VMs and bare-metal
Setting up an Arroyo cluster on VMs or bare-metal servers
This document will cover how to run an Arroyo cluster on Linux VMs or bare-metal server, like EC2 instances. This requires a good understanding of the Arroyo architecture. For an easier approach to running a production-quality Arroyo cluster, see the docs for running on top of Kubernetes.
Before starting this guide, follow the common setup steps in the deployment overview guide.
There are two options for running Arroyo on VMs; you may run the arroyo binary directly, or use Docker.
Binaries for release versions are available for Linux (x86 and ARM) and MacOS (M1) on the Github Releases page, or you can build your own binaries by following the dev guide.
If building your own binary, make sure to use the
--release
flag when calling cargo build
. You may also want to build on a machine with the same CPU
as you plan to deploy with and use the env var RUSTFLAGS='-C target-cpu=native'
to get the best performance
at the cost of portability to CPUs with different micro-architectures.
Alternatively, you can run the arroyo docker image, ghcr.io/arroyosystems/arroyo:latest
.
Running the migrations
As covered in the dev setup, you will need to run the database migrations on your database before starting the cluster. Currently only Postgres is supported.
By default, Arroyo will expect a database called arroyo
, a user account arroyo
with password arroyo
at localhost:5432
. These can be configured via the following environment variables:
DATABASE_NAME
DATABASE_HOST
DATABASE_PORT
DATABASE_USER
DATABASE_PASSWORD
$ arroyo-bin migrate
Running the cluster
The Arroyo cluster can run in two modes on VMs; either as a single-node cluster using the process scheduler, or as a distributed cluster using the node scheduler. The former is simpler, but cannot scale horizontally.
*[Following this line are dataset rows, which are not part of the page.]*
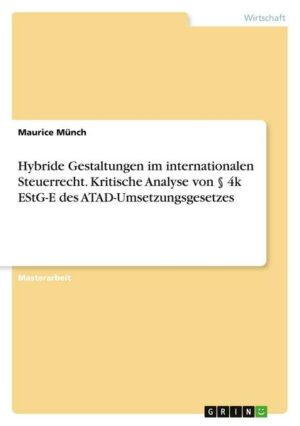 Hybride Gestaltungen im internationalen Steuerrecht. Kritische Analyse von § 4k EStG-E des ATAD-Umsetzungsgesetzes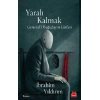 Yaralı Kalmak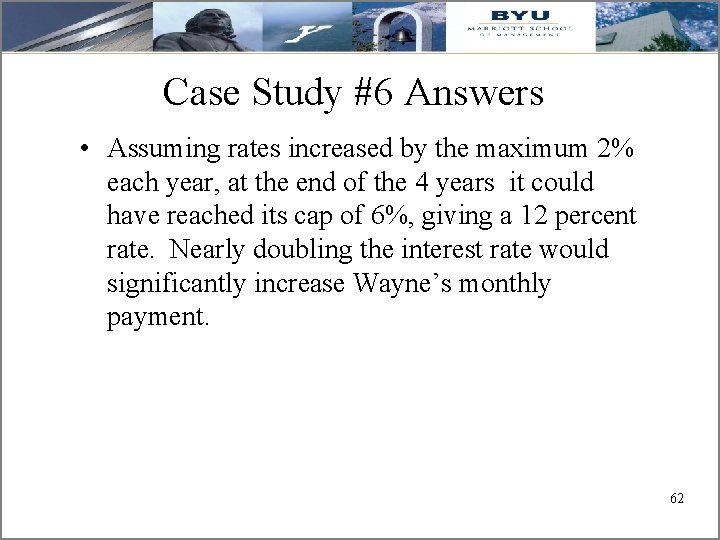 Case Study #6 Answers • Assuming rates increased by the maximum 2% each year,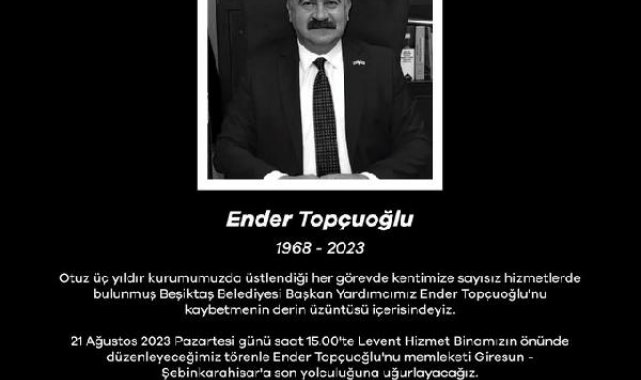 Beşiktaş Belediye Başkan Yardımcısı Topçuoğlu hayatını kaybetti
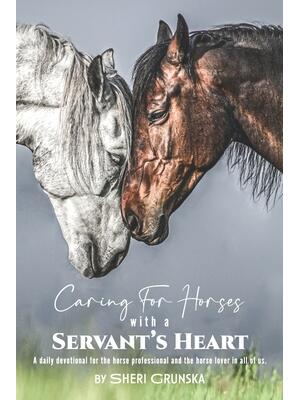 Caring for Horses with a Servant's Heart: A Daily Devotional for the horse professional & the horse lover in all of us - Boganto
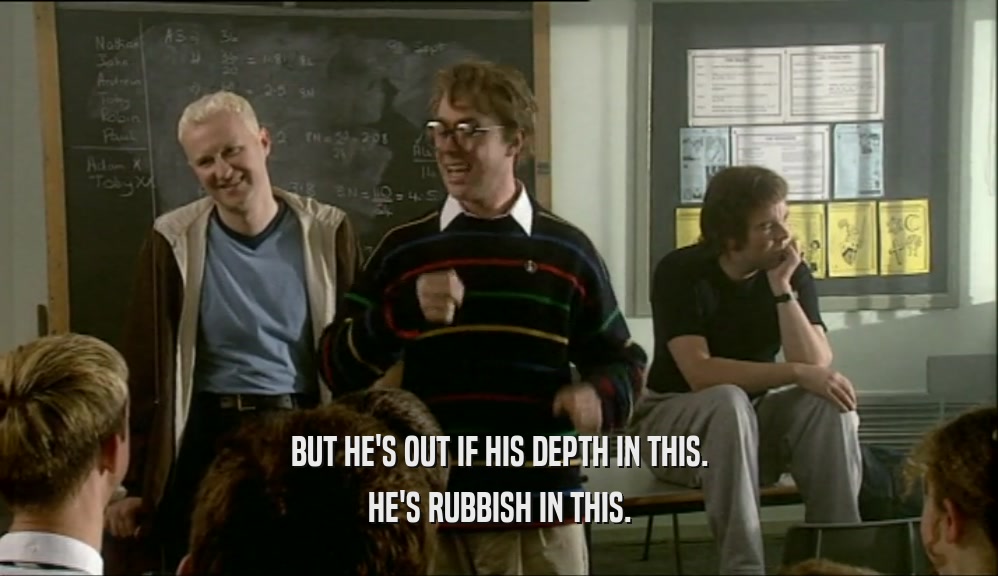 BUT HE'S OUT IF HIS DEPTH IN THIS. HE'S RUBBISH IN THIS. 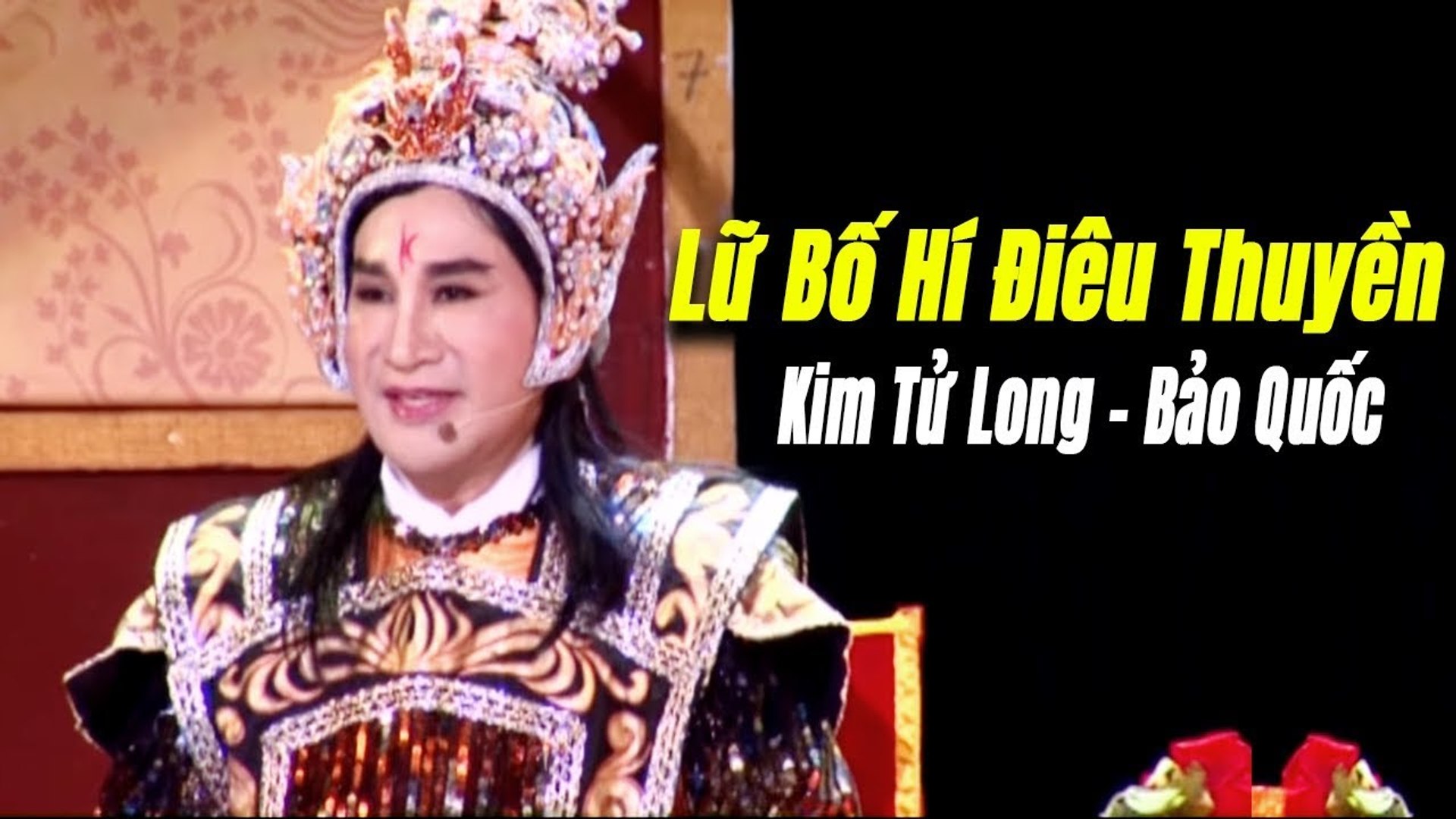 Trích Đoạn : Lữ Bố Hí Điêu Thuyền  Kim Tử Long Hồng Loan Bảo Quốc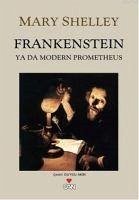 Frankenstein Ya Da Modern Prometheus - Shelley, Mary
Additionally, you may decide to run all Arroyo services together in a single process, or as a separate processes for high-availability. This guide will only cover the former; for guidance on more complex deployments please reach out to the dev team on Discord or at support@arroyo.systems.
Configuration
In addition to the database configs described in the migration section, there are several other configuration options that you may wish to set via environment variables, including CHECKPOINT_URL and ARTIFACT_URL. Note that for a distributed cluster, those must be set to remote storage that is accessible by all nodes in the cluster.
Arroyo services
The entire Arroyo control plane can be run as a single process with the cluster subcommand:
$ arroyo-bin cluster
For high-availability, this should be managed by a process manager like systemd.
Schedulers
Arroyo ships with two schedulers that can be used for
VM deployments: process
and node
.
Process scheduler
The process scheduler is the default. It runs pipelines by spawning new processes on the same host as the control plane. This is great for simple, single-node deployments as no other infrastructure is required.
To use the process scheduler, run the control plane with SCHEDULER=process
or with no SCHEDULER
configuration.
Node scheduler
The node scheduler supports running a distributed Arroyo cluster without
requiring Kubernetes or another complex distributed runtime. An Arroyo node cluster is
made up on some number of hosts running the node
process, which are able to schedule work,
and a control plane running with SCHEDULER=node
.
A node can be run via the arroyo-bin binary or Docker image:
$ CONTROLLER_ADDR=http://localhost:9190 arroyo-bin node
Replace the CONTROLLER_ADDR
configuration with the host and port that the controller is running on.
Note that the node should always be run within a process manager that restarts it, like systemd; nodes are designed to restart when they lose connection to the controller.
Nodes can be configured with a given number of slots, via the SLOTS_PER_NODE
environment variable. This controls how many parallel subtasks can run on that node;
typically, you would want to set this to the number of CPUs but this can be somewhat
hardware and workload dependent.
Prometheus
Prometheus is required for the Web UI metrics support. All Arroyo services run a
Prometheus exporter on their admin HTTP port (8001 for the API, and 9191 for the
controller) at /metrics
.
The workers rely on the Prometheus pushgateway to produce metrics. You will need
to run a pushgateway instance on the nodes that run the Arroyo workers at the
default endpoint of localhost:9091
, and you will need to configure your
prometheus instance to scrape the pushgateways.